O Estado angolano, por meio do Ministério das Relações Exteriores (MIREX), gasta anualmente cerca de 96 mil euros para acomodar a cônsul-geral de Angola em Lisboa, Vicência Ferreira Morais de Brito, num hotel de luxo na zona do Oriente.

Curiosamente, o Estado possui uma residência oficial no Restelo que, ao que parece, não atende aos elevados padrões de conforto da “manhosa” cônsul.
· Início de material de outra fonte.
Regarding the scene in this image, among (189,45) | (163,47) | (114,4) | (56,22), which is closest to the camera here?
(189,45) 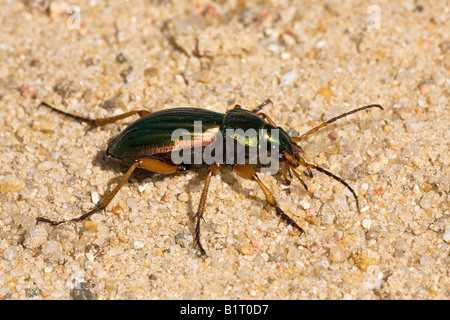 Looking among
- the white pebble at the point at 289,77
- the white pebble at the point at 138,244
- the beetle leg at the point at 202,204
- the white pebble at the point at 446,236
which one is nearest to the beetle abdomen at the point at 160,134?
the beetle leg at the point at 202,204

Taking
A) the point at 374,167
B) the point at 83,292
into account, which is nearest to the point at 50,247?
the point at 83,292

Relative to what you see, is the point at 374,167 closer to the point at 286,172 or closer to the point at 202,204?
the point at 286,172

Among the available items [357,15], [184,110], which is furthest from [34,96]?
[357,15]

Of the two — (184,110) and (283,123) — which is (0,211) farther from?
(283,123)

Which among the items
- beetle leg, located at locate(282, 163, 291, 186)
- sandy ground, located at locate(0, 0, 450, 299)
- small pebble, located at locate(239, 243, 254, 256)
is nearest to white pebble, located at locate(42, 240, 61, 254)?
sandy ground, located at locate(0, 0, 450, 299)

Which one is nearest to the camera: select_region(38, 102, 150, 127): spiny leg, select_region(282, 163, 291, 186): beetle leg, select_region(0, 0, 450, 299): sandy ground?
select_region(0, 0, 450, 299): sandy ground

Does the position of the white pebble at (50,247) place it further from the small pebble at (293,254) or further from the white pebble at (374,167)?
the white pebble at (374,167)

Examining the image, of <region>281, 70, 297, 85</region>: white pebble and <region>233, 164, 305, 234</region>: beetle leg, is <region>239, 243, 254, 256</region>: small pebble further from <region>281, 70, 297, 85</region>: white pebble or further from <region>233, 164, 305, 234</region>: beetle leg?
<region>281, 70, 297, 85</region>: white pebble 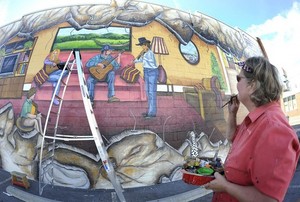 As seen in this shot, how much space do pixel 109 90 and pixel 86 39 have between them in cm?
115

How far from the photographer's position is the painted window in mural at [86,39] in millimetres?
4898

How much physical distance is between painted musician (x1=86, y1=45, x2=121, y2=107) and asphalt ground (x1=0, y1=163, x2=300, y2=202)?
1.79 m

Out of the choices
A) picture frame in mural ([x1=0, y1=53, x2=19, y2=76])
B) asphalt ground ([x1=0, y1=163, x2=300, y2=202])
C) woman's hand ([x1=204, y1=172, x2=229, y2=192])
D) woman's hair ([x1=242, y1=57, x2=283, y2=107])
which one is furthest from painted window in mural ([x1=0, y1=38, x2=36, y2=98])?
woman's hair ([x1=242, y1=57, x2=283, y2=107])

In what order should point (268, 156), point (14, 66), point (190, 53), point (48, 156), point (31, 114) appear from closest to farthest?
point (268, 156) → point (48, 156) → point (31, 114) → point (14, 66) → point (190, 53)

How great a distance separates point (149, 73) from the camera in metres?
5.12

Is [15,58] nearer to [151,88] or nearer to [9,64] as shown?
[9,64]

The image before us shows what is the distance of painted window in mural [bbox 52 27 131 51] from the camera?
4.90 metres

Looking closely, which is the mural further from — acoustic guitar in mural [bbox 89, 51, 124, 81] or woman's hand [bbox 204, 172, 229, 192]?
woman's hand [bbox 204, 172, 229, 192]

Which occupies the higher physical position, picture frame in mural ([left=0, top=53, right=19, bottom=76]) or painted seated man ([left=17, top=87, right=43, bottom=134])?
picture frame in mural ([left=0, top=53, right=19, bottom=76])

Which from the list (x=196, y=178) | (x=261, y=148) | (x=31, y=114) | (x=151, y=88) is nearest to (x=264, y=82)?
(x=261, y=148)

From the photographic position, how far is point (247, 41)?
7133 millimetres

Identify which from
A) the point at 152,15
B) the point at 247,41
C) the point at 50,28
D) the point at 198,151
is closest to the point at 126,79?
the point at 152,15

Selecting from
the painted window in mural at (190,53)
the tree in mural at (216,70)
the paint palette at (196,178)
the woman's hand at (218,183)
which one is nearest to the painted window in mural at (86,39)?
the painted window in mural at (190,53)

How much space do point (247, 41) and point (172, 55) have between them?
307 centimetres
De acordo com informações divulgadas pelo ClubK, desde que chegou à capital portuguesa em 2020, a diplomata Vicência de Brito recusa-se a mudar-se para a residência oficial, localizada na Avenida das Descobertas, número 13, no Restelo.

Ao invés disso, optou por viver no Martinhal, um apart-hotel de cinco estrelas situado na Praça Príncipe Perfeito, uma área nobre de Lisboa, demonstrando um gosto refinado para acomodações que fariam qualquer mortal comum questionar a simplicidade de uma casa oficial.

Os preços no Martinhal são tão exclusivos quanto a localização. Um apartamento T1 custa 5.820 euros por mês, um T2 custa 7.570 euros, e um T3 chega a 9.840 euros mensais.

Considerando que a diplomata vive com a sua filha, Yara Carvalho, já casada, é presumível que estejam ocupando um T2 ou T3. Fontes diplomáticas revelam que o Estado angolano gasta mensalmente cerca de 8 mil euros pela hospedagem da cônsul, valor que, além da acomodação, inclui os custos de alimentação (pequeno-almoço).

No próximo mês de setembro, Vicência Ferreira Morais de Brito completará um ano desde que se mudou para o Martinhal. Anteriormente, estava hospedada no Hotel Corinthia, também um hotel de luxo, porque, claro, uma mudança de um luxo para outro requer uma transição suave.

Em 2019, durante o mandato do anterior cônsul, Narciso Espírito Santos, a residência no Restelo passou por obras de reparação. Sob o consulado de Vicência, também foram realizadas obras pela empresa Sérgio Construções.

No entanto, nem mesmo as renovações conseguiram convencer a cônsul a deixar o conforto e o prestígio do Martinhal para trás.